A faithful copy of the data below is required, leaving out every picture.

* _STORED DATA_:
:::

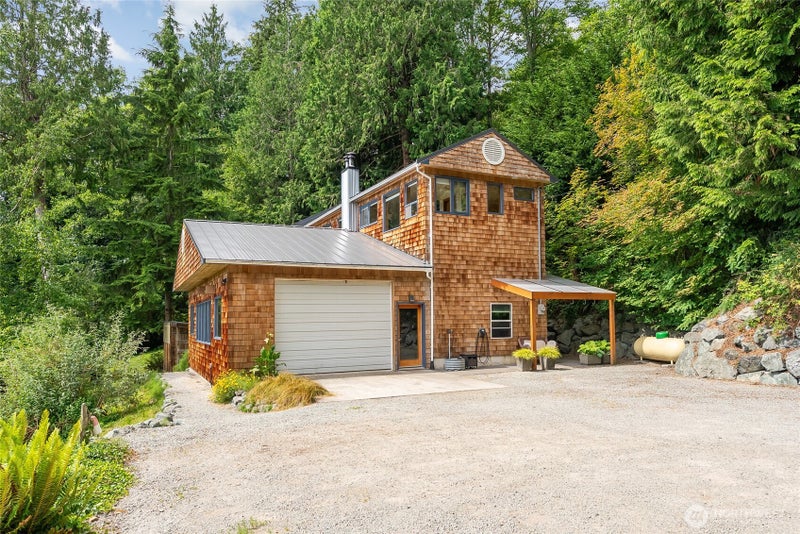 3556 Colony Mountain Drive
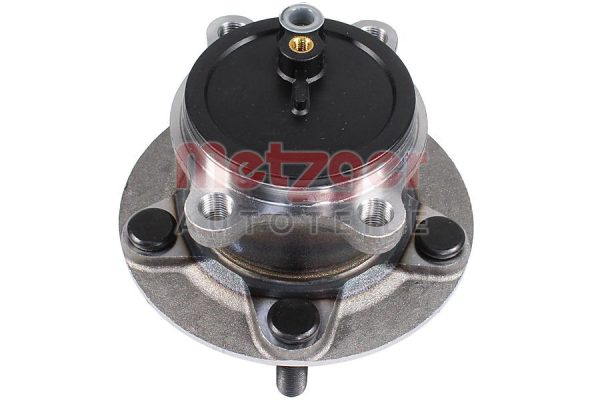 Set rulment roata MAZDA 6 limuzina (GJ, GL) 2.5 benzina 194 cai METZGER WM 2309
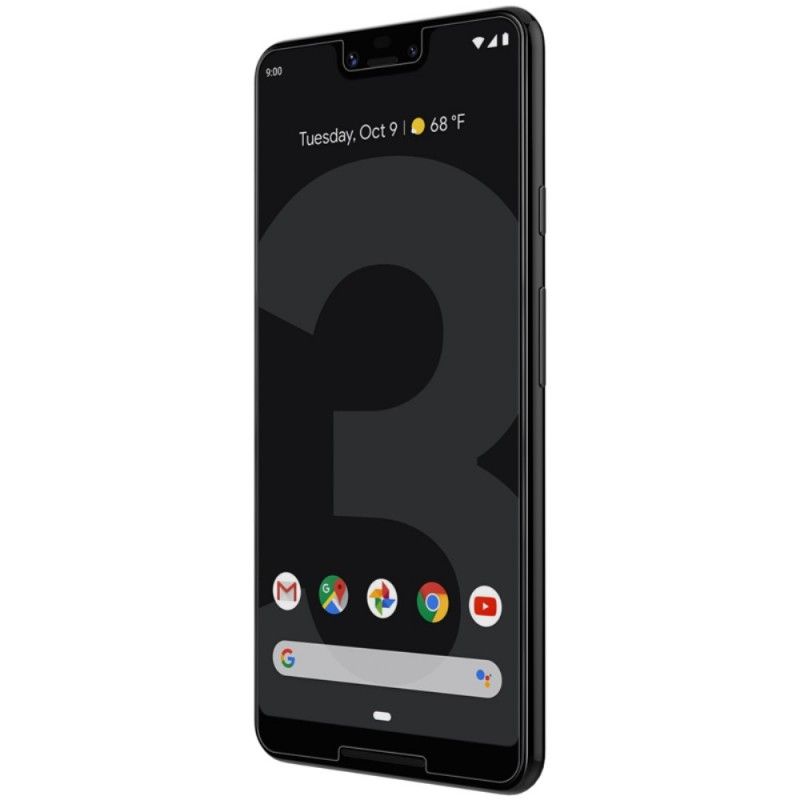 Film De Protection Écran Pourgoogle Pixel 3 Xl Nillkin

:::

* _RESULT OF THE TASK_:
 3556 Colony Mountain Drive
 Set rulment roata MAZDA 6 limuzina (GJ, GL) 2.5 benzina 194 cai METZGER WM 2309
 Film De Protection Écran Pourgoogle Pixel 3 Xl Nillkin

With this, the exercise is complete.